# Wiring Help



## Cant.Git.Enuf (Jan 21, 2013)

Looking for someone to redo the wiring on my boat. I just purchased a 19' flats boat. I installed the trolling motor but need to get it all wired up. After looking through the existing wiring Id like to replace it all. 

Does anyone have a go to person around the area that could accomplish this?


----------



## Ocean Master (May 20, 2008)

I guess you're back in town. That's great..!!

Did you get blown up again?


----------



## Cant.Git.Enuf (Jan 21, 2013)

Ocean Master said:


> I guess you're back in town. That's great..!!
> 
> Did you get blown up again?


Haha I think only one more time since the last time I have seen you Keith! I was just about to send you a message.


----------



## Chapman5011 (Mar 7, 2013)

Get some beer and heavy gauge wire and a Saturday night. 
Your running two cables either to a fuse box or straight to the battery. 
You will have to pay good money$$$$ to get some one to wire it up for you. 
If you've already installed the unit, your half way done


----------



## Splittine (Nov 24, 2007)

X Shark is your man.

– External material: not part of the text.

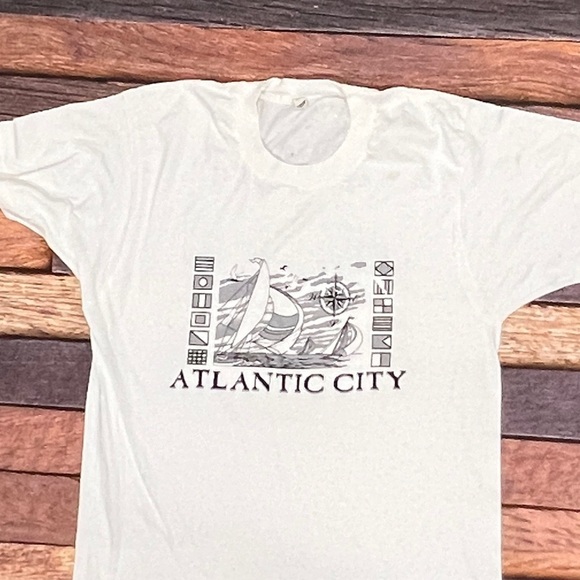 Vintage Single Stitch 80s Atlantic City New Jersey Travel Screen Stars Tshirt - Picture 2 of 4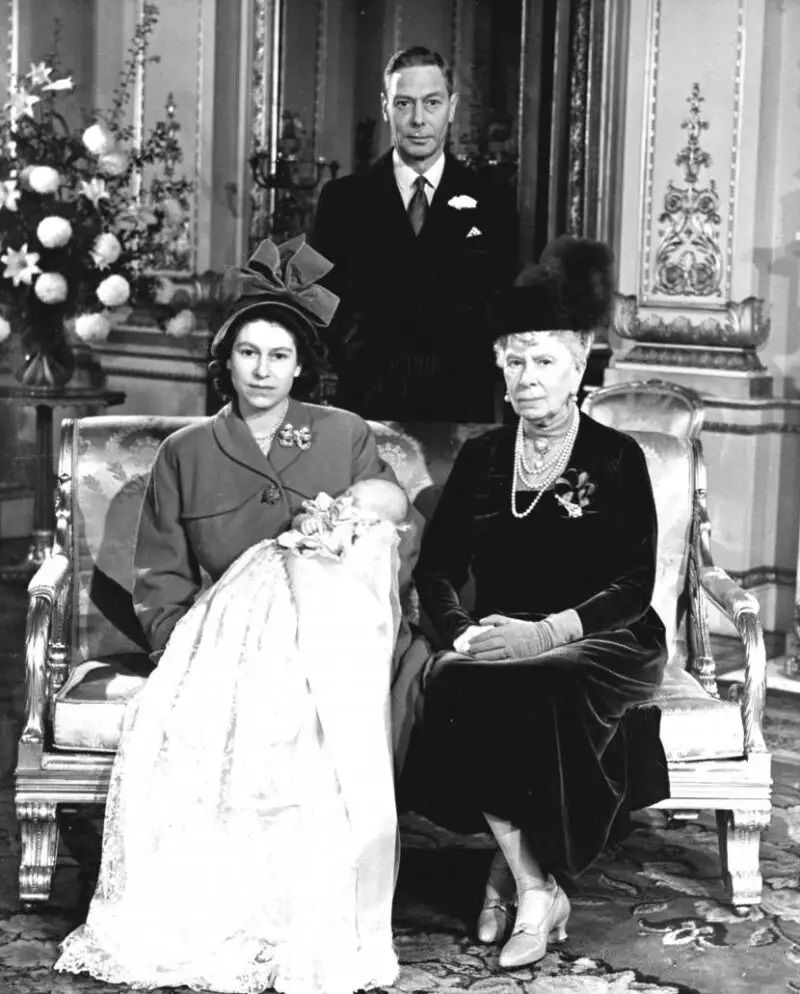 La Reina Isabel II y el Rey Jorge VI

If you do it yourself put a breaker on it and you will save yourself a bunch of heartache down the road. Do not run it to a fuse block.


----------



## Cant.Git.Enuf (Jan 21, 2013)

The book suggest a 50A circuit breaker. Everything I want is listed below.

Cables lengthen from tolling motor to battery box
Batteries connected to plug in trickle charger outlet
Tachometer wired
GPS unit wired
Old glass fuses and cables switched out


----------



## capt happy (Feb 24, 2015)

Meant to say marine jumper cables sorry and also soldering ends on sorry again. Should habe been more descriptive


----------



## Splittine (Nov 24, 2007)

capt happy said:


> Amazon prime for 2ga. Jumper cables = cheaper than you can buy the wire and you get descent ground clamps for welder or old worn out jumper cables  call me frugal capt happy . Wish you well on your project




You're asking for big problems if you don't used tinned wire. Please don't do this....


----------



## SpeckWrecker (Aug 4, 2011)

capt happy said:


> Amazon prime for 2ga. Jumper cables = cheaper than you can buy the wire and you get descent ground clamps for welder or old worn out jumper cables  call me frugal capt happy . Wish you well on your project



With all due respect, that is the dumbest thing ive ever read on here and thats a huge feat!!!


----------



## nb&twil (Oct 2, 2007)

I tried to send you a pm (unrelated to this thread, but I know you'll see this), and don't know if it went through. 
Let me know if you got my message.


----------



## Cant.Git.Enuf (Jan 21, 2013)

I tried replying but won't let me send it. No big deal bro. Shoot me a text 423-895-2496


----------



## Skiffer (Jan 28, 2015)

The Coast Guard has strict requirements regarding circuit breakers for trolling motors. If you do it yourself, you might refer to this link. http://www.minnkotamotors.com/Support/Battery-Selection---Rigging/


----------



## Cant.Git.Enuf (Jan 21, 2013)

Thanks for the Info Skiffer. I am just going to let the pros do this. I think paying a pro for something like this that has the potential to catch my boat on fire.... Is money well spent!


----------



## X-Shark (Oct 3, 2007)

Let it be noted from the above link and in the chart.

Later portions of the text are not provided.